The search API provides endpoints for clients to search and discover indexed documents.
- Prerequisites
- Example API Requests
The Deploying documentation includes enough information to deploy the search API component.
The example requests in this document are meant to provide generic request examples. You can use your HTTP client of choice to perform these requests (e.g. curl
or Postman).
Search indexed documents by one or more keywords.
Required Parameters:
Parameter Name | Description | Possible Values |
---|---|---|
keywords | The keywords parameter is required and composed of a comma separated list of keyword components. Keyword component structure is defined below | (See below) |
{LOGICAL_OPERATOR}:{FIELD}:{KEYWORD}
Component | Description | Default |
---|---|---|
LOGICAL_OPERATOR | Possible values are + , - , or blank. The operators map to AND , NOT , and OR respectively. |
(blank) |
FIELD | The index field to target with this keyword. * maps to all fields. Possible values include (but are not limited to) dc_title , dc_contributor , etc. |
* |
KEYWORD | The keyword used to match documents. | * |
Optional Parameters:
Parameter Name | Description | Possible Values |
---|---|---|
sort | Defines how to sort results based on keyword field. | asc, desc |
size | How many results to return. | 0-n |
from | Offset for search results.
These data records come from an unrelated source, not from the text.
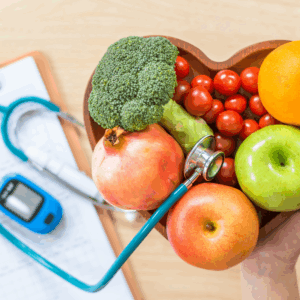 a heart-shaped bowl full of healthy fruits and vegetables with a clipboard, glucometer, and stethoscope in the background.
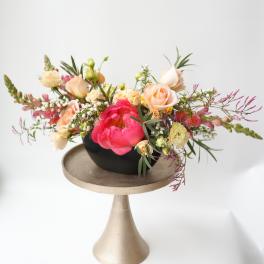 Mixed bouquet of peach and pink flowers in a black bowl on a pedestal stand
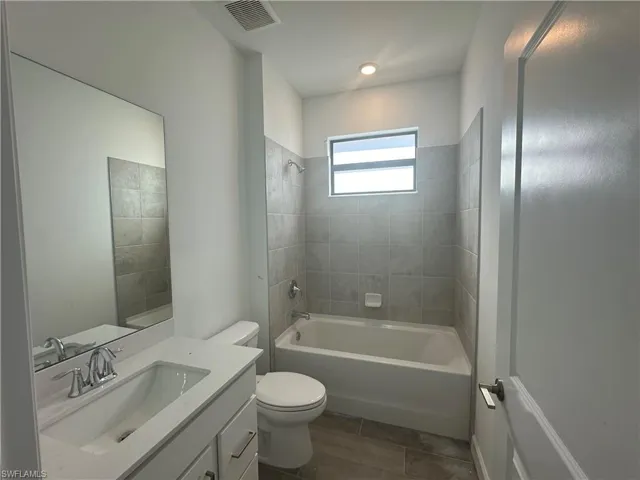 Full bathroom with tile floors, tiled shower / bath, toilet, and vanity
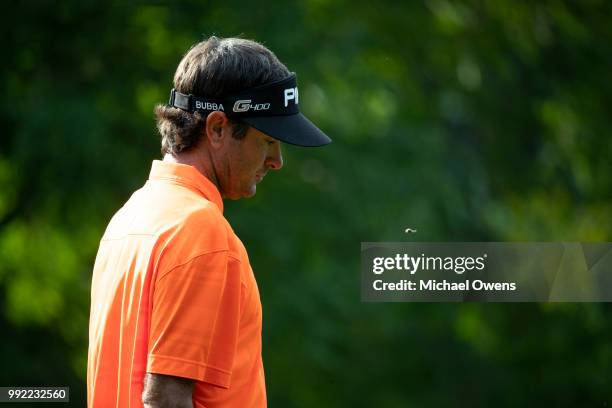 Bubba Watson walks to his second shot on the 12th hole during round one of A Military Tribute At The Greenbrier at the Old White TPC course on July...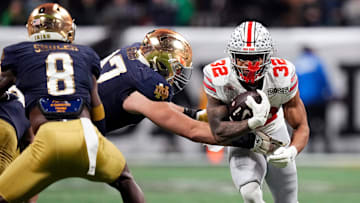 Ohio State Buckeyes running back TreVeyon Henderson (32) carries the ball on a run against Notre Dame Fighting Irish defensive lineman Gabriel Rubio (97) in the third quarter during the College Football Playoff championship at Mercedes-Benz Stadium in Atlanta on January 20, 2025.
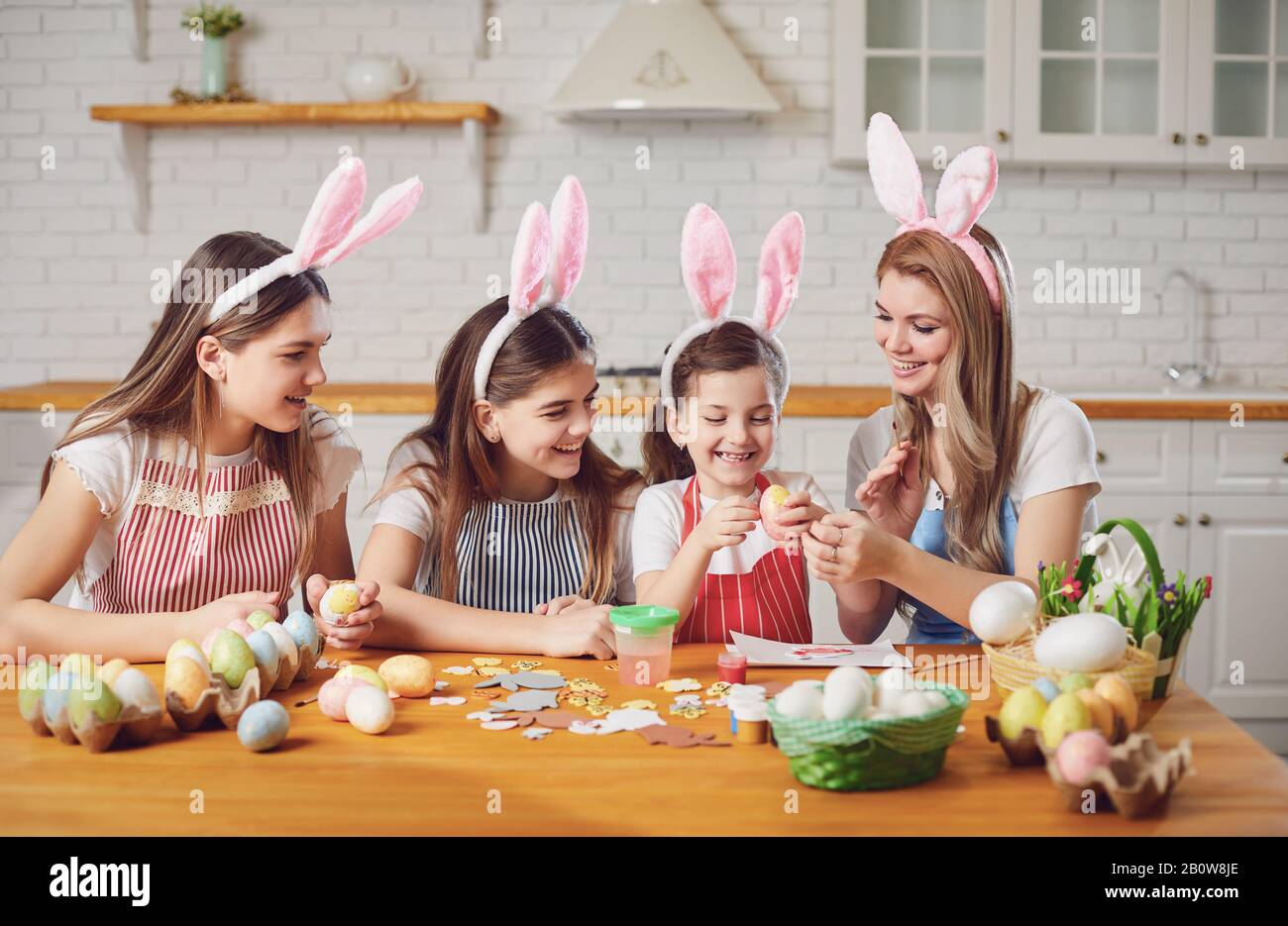 Frohe ostern. Mutter und Töchter mit Kaninchenohren schmücken Ostereier an einem Tisch in der Küche. Stockfoto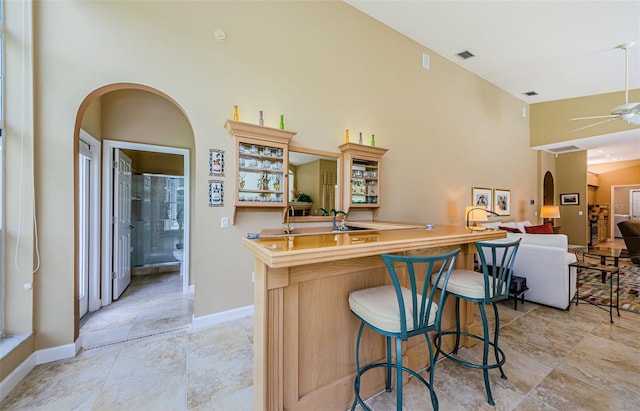 2042 Diamond Ct, Oldsmar, FL 34677 - kitchen with ceiling fan, a towering ceiling, baseboards, and a breakfast bar area
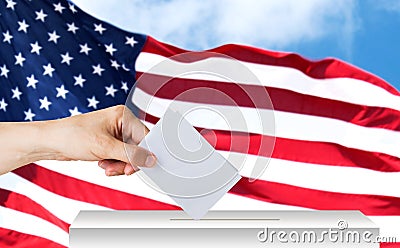 Hand of american with ballot and box on election Stock Photo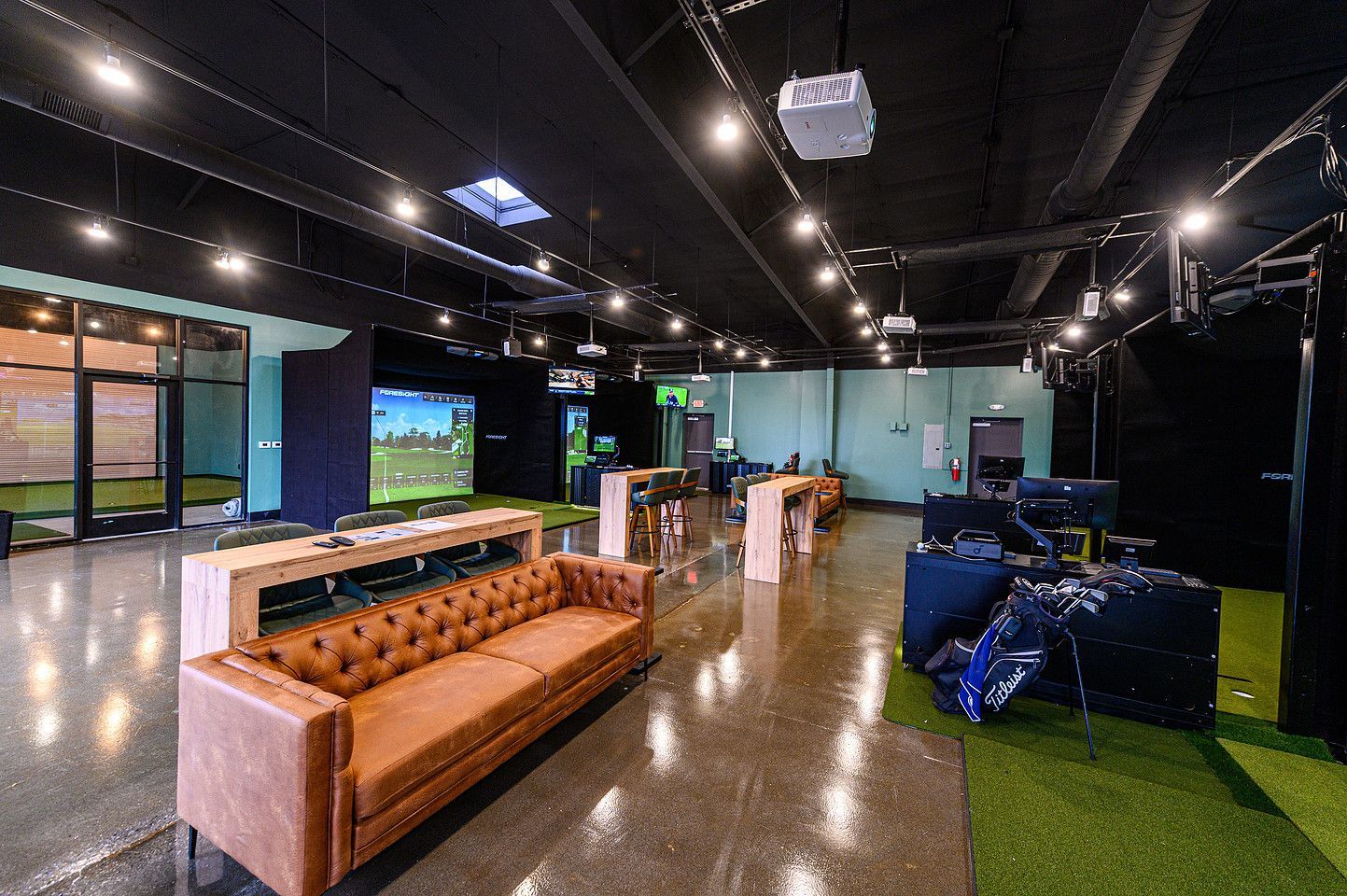 Modern office lounge with leather couch, gaming area, and polished floor under hanging lights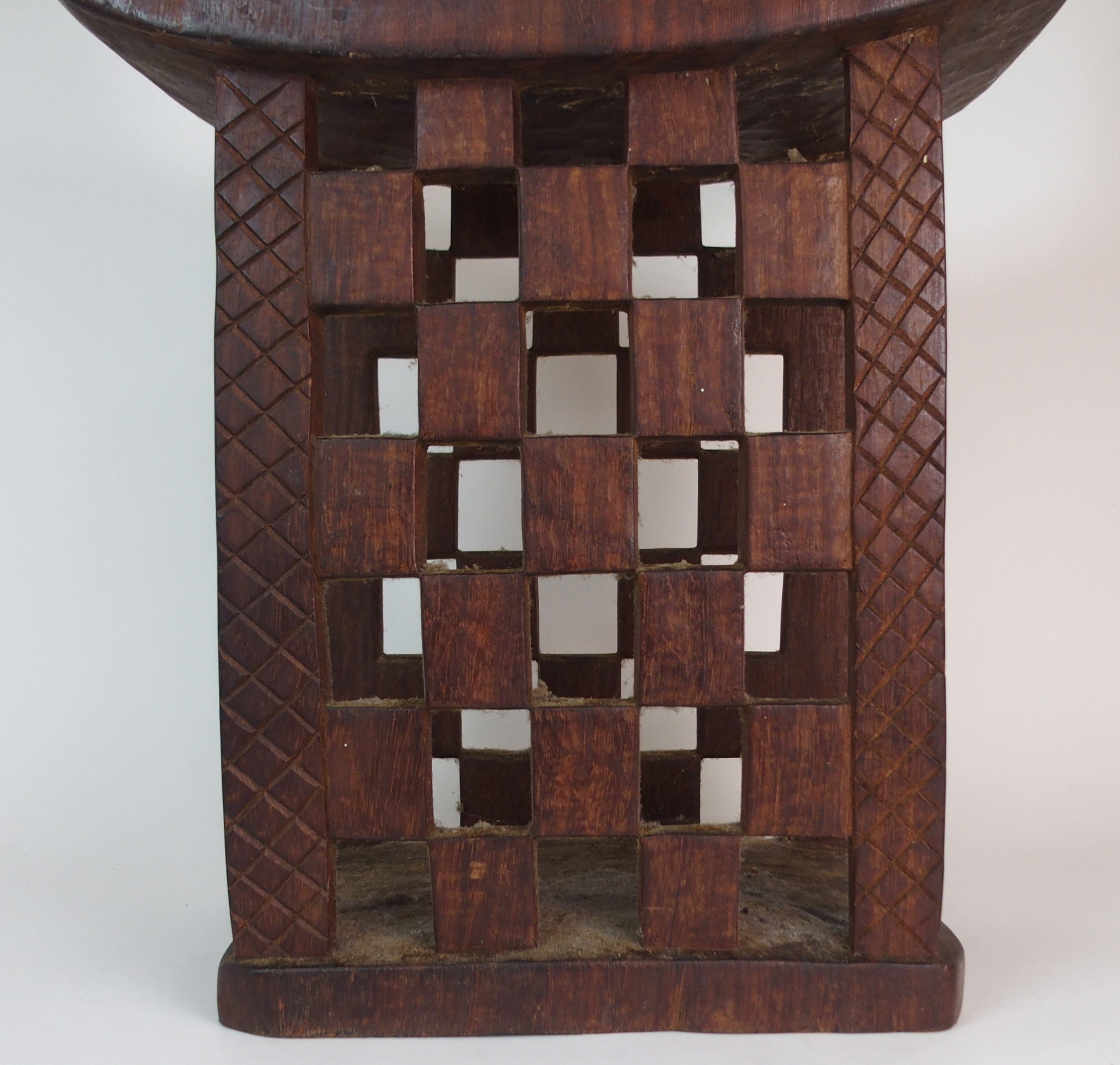 *WITHDRAWN* AN AFRICAN TRIBAL HARDWOOD CIRCULAR TABLE with deep carved rim above a pair of curved - Image 5 of 8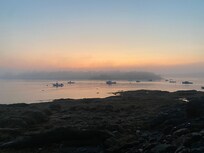 The view to the west from in front of the Ocean Point Inn just after sunset one evening.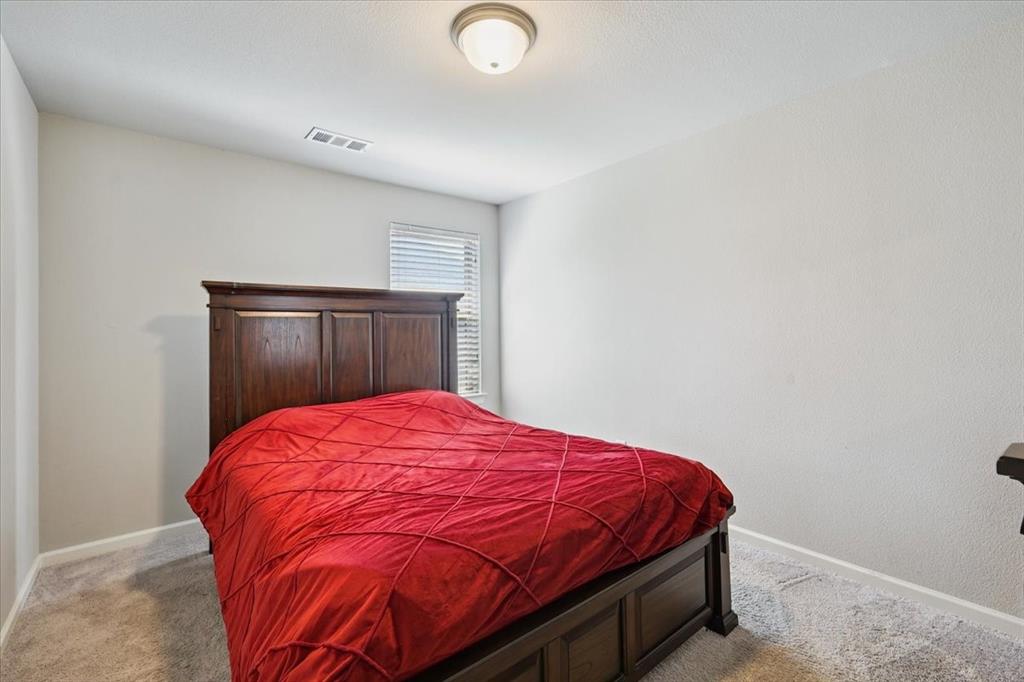 345 Greenbriar Road Little Elm, TX 75068 - Photo 15 of 20 Bedroom with light colored carpet
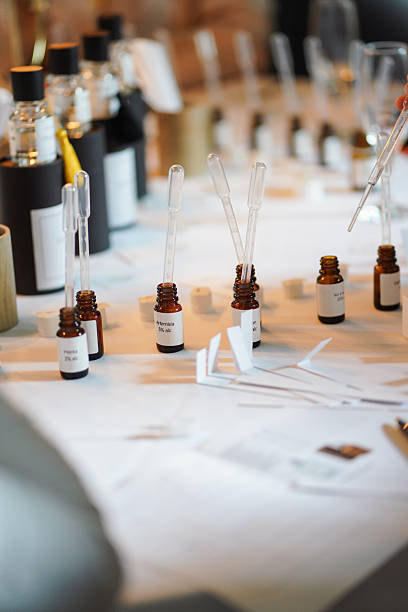 Perfumery workshop table with droppers and amber bottles of essential oils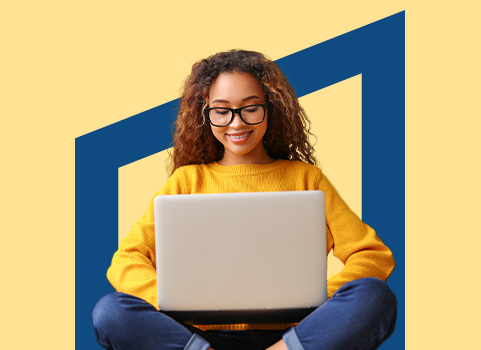 Girl in yellow sweater and glasses using laptop.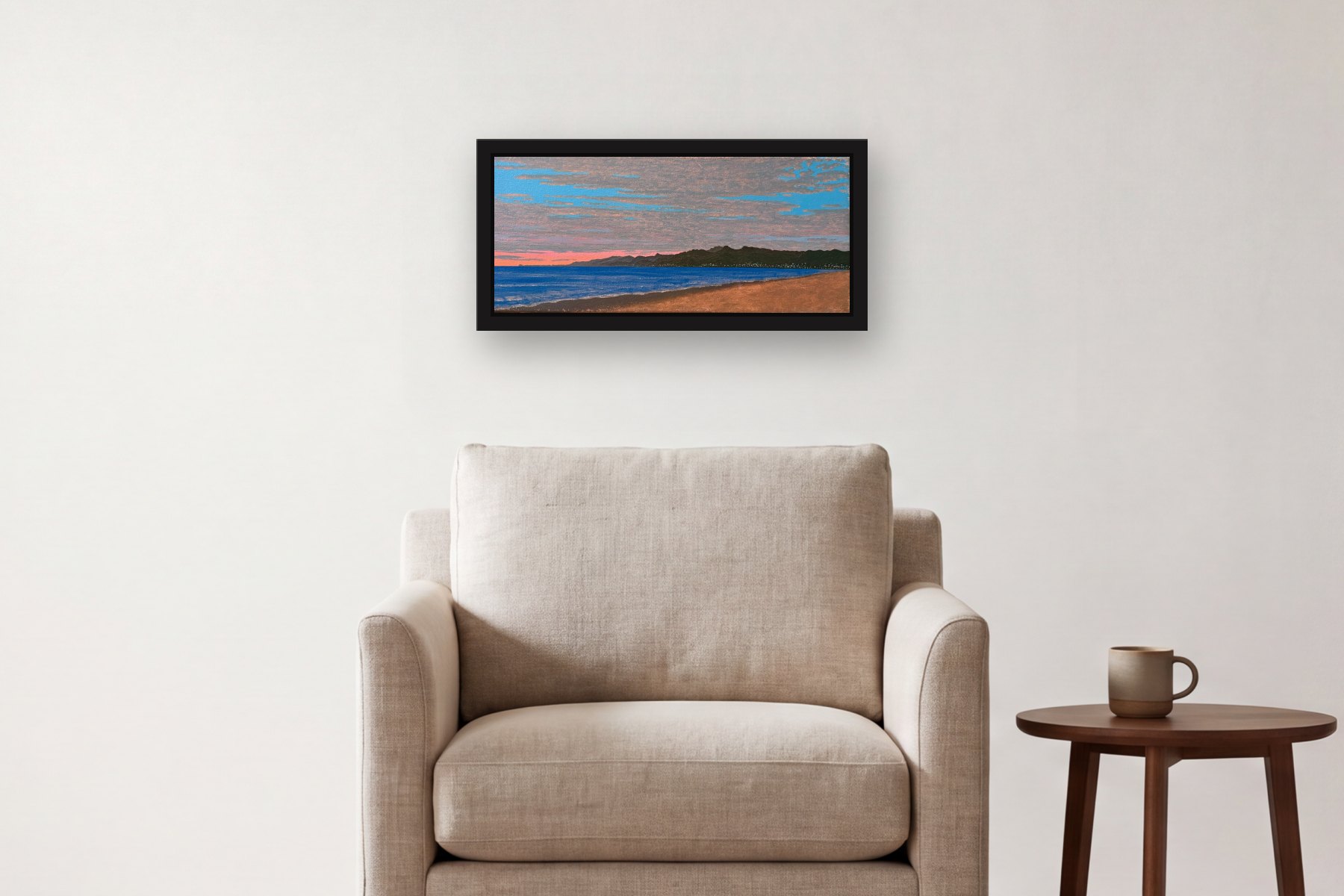 Santa Monica by Bill Sullivan, hanging above an armchair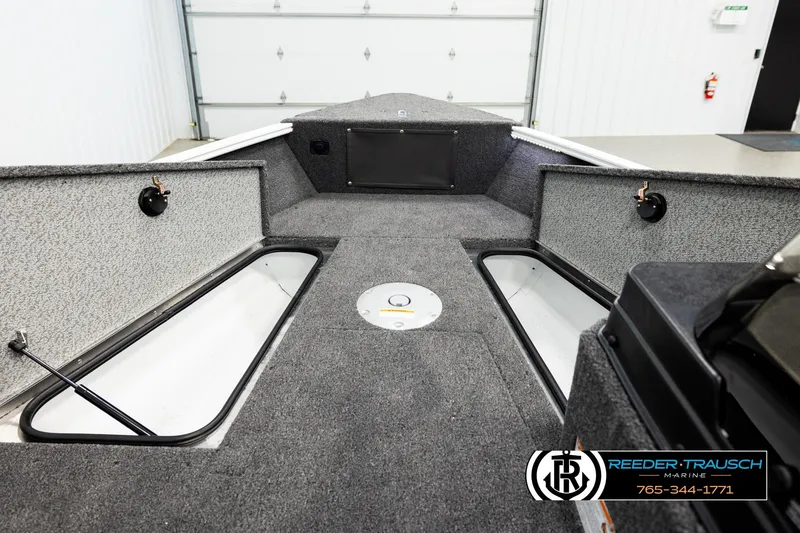 Slide: The Image of 2026 Lund 1775 Adventure SS boat interior with storage compartments and carpeted deck. - 14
Useful with combination of size and when paging |
0-n |
refereed | Whether or not to filter by the Refereed index field. |
true, false |
endorsed | Whether or not to filter by the Endorsed index field. |
true, false |
synonyms | Whether or not to query the managed vocabularies for terms related to these keywords and include them when searching documents. | true, false |
terms | Comma separated list of specific terms used to filter results against a document's terms field | Any String |
termURIs | Comma separated list of specific term URIs used to filger results agianst a document's terms field | Any URI |
Request
GET /documents?keywords=:*:ocean,-:title:ExcludeThisTitle&refereed=false
Response
{
"took": 42,
"timed_out": false,
"_shards": {
"total": 5,
"successful": 5,
"skipped": 0,
"failed": 0
},
"hits": {
"total": {
"value": 1464,
"relation": "eq"
},
"max_score": 5.28463,
"hits": [
{
"_index": "documents",
"_type": "_doc",
"_id": "9db9bbed-86ff-400e-8010-788c7095e105",
"_score": 5.28463,
"_source": {
"dc_subject_dmProcesses": "Data acquisition",
"dc_description_maturitylevel": "Mature",
"dc_subject_other": "COSYNA",
...
Returns indexed terms matching a partial string input. Useful when providing a search interface and wanting to suggest terms as a user is typing.
Request
GET /documents/autocomplete?input=ocea
Response
[
"Ocean Ecology Freshwater Housing Camera System",
"Ocean Optics HR4000 spectrometer",
"Ocean Research Institute Vertical Muliple Plankton",
"Ocean Sonics icListen HF hydrophone",
"Ocean Sonics icListen LF hydrophone"
]
Returns a list of terms that match a given text based on the the internal ingest tagging routine. The response can be formatted as JSON or CSV.
Request
POST /documents/preview -d '
{
"title": "This is the title I want to test.",
"contents": "This is the raw text I want to test."
}
'
Response
[
{
"label": "title",
"uri": uri://envo.1234,
"source_terminology": "ENVO"
}
]
Provides a SPARQL query endpoint to execute queries against our managed ontologies and vocabularies - stored in Neptune. This endpoint is read-only.
Request
POST /sparql -d 'select distinct ?g where { graph ?g {?s ?p ?o} }'
Response
{
"head": {
"vars": [
"g"
]
},
"results": {
"bindings": [
{
"g": {
"type": "uri",
"value": "http://vocab.nerc.ac.uk/collection/L22/current/"
}
},
{
"g": {
"type": "uri",
"value": "http://purl.unep.org/sdg/sdgio.owl"
}
},
{
"g": {
"type": "uri",
"value": "http://purl.obolibrary.org/obo/envo.owl"
}
},
...
Provides statistical information about the search index including number of indexed documents, terms, and vocabularies.
Request:
GET /statistics
Response
{
"documents": {
"count": 1854
},
"ontologies": {
"count": 6,
"terms": {
"count": 167581
}
}
}
Returns the ontological network for a given term or term URI.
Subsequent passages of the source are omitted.